[Opening Data for review section]

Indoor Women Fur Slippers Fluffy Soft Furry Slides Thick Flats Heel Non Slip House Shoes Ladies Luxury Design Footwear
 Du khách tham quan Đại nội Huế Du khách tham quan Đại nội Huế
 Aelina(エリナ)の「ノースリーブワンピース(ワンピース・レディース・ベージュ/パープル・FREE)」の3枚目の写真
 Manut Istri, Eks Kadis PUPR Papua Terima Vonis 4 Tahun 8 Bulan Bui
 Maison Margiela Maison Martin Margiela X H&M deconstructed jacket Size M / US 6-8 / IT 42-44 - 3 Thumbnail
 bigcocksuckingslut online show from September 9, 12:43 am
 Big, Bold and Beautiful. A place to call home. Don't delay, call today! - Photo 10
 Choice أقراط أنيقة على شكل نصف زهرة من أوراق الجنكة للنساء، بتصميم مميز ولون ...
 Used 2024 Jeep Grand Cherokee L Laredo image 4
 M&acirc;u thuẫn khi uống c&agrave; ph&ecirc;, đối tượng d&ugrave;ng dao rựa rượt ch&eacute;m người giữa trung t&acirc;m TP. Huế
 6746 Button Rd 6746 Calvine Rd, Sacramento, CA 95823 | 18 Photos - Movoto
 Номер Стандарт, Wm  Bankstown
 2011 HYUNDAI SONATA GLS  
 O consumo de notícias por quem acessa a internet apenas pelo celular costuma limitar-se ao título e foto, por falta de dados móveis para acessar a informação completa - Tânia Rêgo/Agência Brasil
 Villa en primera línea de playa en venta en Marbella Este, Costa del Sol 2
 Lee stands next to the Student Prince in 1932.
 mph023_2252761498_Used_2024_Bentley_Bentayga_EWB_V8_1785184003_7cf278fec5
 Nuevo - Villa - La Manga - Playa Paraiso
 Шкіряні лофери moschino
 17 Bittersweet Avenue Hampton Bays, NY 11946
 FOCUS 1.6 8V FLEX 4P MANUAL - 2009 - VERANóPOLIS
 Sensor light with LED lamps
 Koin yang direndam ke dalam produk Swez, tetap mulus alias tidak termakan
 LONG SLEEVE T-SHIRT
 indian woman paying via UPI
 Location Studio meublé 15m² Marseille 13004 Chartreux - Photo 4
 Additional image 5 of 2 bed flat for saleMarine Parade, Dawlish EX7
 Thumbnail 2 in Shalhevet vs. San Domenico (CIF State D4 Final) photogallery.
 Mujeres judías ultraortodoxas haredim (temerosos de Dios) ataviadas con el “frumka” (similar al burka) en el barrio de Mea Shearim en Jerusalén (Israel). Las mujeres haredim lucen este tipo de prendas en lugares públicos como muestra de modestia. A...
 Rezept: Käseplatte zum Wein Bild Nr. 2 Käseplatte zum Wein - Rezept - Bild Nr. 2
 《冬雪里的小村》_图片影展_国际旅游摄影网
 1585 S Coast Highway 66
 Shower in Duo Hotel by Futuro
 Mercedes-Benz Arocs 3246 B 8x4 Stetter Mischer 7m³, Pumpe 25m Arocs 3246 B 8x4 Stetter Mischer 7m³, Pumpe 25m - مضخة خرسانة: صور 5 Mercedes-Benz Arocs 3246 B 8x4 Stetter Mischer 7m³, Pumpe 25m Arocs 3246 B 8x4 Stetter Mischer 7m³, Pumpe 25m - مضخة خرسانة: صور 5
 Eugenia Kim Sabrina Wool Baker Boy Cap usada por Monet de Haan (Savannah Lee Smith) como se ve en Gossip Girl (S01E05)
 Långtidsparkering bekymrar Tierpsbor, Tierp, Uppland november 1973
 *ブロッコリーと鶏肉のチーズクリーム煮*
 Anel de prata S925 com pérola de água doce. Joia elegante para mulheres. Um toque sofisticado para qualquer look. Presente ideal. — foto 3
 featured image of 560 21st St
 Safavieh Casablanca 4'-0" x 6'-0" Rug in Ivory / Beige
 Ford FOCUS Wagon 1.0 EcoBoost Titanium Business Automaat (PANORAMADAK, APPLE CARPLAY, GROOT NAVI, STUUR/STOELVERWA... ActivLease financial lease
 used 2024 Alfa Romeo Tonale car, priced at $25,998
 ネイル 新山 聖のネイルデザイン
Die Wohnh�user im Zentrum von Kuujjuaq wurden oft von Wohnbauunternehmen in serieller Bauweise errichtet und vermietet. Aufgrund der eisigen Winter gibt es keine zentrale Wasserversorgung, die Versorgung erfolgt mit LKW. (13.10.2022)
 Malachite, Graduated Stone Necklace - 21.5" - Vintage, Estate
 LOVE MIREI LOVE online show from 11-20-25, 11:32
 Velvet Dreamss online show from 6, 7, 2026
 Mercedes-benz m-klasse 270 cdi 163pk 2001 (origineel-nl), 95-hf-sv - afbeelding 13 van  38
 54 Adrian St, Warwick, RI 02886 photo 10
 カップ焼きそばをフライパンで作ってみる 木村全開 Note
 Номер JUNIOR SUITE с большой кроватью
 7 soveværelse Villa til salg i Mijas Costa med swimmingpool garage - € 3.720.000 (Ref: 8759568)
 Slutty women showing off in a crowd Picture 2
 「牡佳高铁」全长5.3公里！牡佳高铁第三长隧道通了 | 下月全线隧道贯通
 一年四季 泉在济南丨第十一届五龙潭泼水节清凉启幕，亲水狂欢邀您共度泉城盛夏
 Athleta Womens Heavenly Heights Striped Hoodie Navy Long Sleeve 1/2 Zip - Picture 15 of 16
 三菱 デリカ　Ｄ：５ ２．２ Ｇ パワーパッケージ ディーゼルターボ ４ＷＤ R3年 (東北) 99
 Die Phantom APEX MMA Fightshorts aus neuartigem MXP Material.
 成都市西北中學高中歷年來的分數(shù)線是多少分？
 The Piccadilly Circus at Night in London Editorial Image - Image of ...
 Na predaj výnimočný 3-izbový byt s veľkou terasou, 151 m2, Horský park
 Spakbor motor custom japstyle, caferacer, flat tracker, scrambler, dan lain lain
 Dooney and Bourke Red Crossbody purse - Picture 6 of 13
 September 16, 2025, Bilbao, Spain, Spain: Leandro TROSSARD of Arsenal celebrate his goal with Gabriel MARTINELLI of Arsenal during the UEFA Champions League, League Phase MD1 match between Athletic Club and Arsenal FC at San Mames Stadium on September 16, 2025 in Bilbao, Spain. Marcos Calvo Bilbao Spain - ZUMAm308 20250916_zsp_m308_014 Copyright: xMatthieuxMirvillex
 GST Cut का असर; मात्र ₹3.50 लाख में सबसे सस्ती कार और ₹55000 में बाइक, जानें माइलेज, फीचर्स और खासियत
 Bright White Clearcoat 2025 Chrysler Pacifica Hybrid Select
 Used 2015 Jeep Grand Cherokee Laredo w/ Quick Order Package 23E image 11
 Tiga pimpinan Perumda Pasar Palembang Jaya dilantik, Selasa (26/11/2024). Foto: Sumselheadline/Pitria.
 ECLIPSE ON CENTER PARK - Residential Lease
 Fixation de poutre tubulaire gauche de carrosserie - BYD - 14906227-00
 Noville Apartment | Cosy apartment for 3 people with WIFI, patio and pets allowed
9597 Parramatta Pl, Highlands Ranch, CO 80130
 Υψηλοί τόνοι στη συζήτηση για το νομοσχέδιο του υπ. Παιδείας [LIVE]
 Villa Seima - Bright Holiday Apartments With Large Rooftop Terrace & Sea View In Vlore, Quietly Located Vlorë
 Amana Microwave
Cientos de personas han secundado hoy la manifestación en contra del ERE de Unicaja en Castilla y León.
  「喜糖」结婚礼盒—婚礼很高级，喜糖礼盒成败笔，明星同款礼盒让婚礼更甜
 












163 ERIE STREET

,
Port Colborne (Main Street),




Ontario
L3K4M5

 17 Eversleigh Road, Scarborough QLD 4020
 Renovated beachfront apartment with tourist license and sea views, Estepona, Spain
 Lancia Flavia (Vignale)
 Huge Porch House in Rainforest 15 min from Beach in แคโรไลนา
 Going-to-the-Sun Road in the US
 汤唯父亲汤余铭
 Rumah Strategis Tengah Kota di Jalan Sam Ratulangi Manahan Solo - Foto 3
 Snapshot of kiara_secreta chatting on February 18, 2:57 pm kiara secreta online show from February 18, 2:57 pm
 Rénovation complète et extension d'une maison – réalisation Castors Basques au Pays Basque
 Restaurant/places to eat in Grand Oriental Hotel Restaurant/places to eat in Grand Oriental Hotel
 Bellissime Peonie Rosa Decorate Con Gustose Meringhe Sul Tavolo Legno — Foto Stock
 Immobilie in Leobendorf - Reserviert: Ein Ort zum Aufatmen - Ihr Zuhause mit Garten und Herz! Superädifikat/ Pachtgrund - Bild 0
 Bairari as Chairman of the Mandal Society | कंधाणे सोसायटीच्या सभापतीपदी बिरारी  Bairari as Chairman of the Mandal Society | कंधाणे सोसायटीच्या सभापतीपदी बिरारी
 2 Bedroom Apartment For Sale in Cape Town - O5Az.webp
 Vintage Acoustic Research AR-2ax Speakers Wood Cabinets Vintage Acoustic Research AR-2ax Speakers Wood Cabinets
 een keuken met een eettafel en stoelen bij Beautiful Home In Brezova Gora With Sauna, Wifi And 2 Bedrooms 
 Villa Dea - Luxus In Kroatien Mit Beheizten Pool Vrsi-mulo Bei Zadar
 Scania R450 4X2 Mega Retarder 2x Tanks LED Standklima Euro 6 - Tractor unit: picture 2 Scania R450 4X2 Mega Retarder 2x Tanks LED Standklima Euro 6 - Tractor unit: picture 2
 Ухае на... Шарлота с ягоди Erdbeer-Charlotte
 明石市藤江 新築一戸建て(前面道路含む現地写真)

[Closing Data for review section]

Aim of the task:
The lines above that hold the word "Bild" should be found and copied out.

Result for this exercise:
 Rezept: Käseplatte zum Wein Bild Nr. 2 Käseplatte zum Wein - Rezept - Bild Nr. 2
 Immobilie in Leobendorf - Reserviert: Ein Ort zum Aufatmen - Ihr Zuhause mit Garten und Herz! Superädifikat/ Pachtgrund - Bild 0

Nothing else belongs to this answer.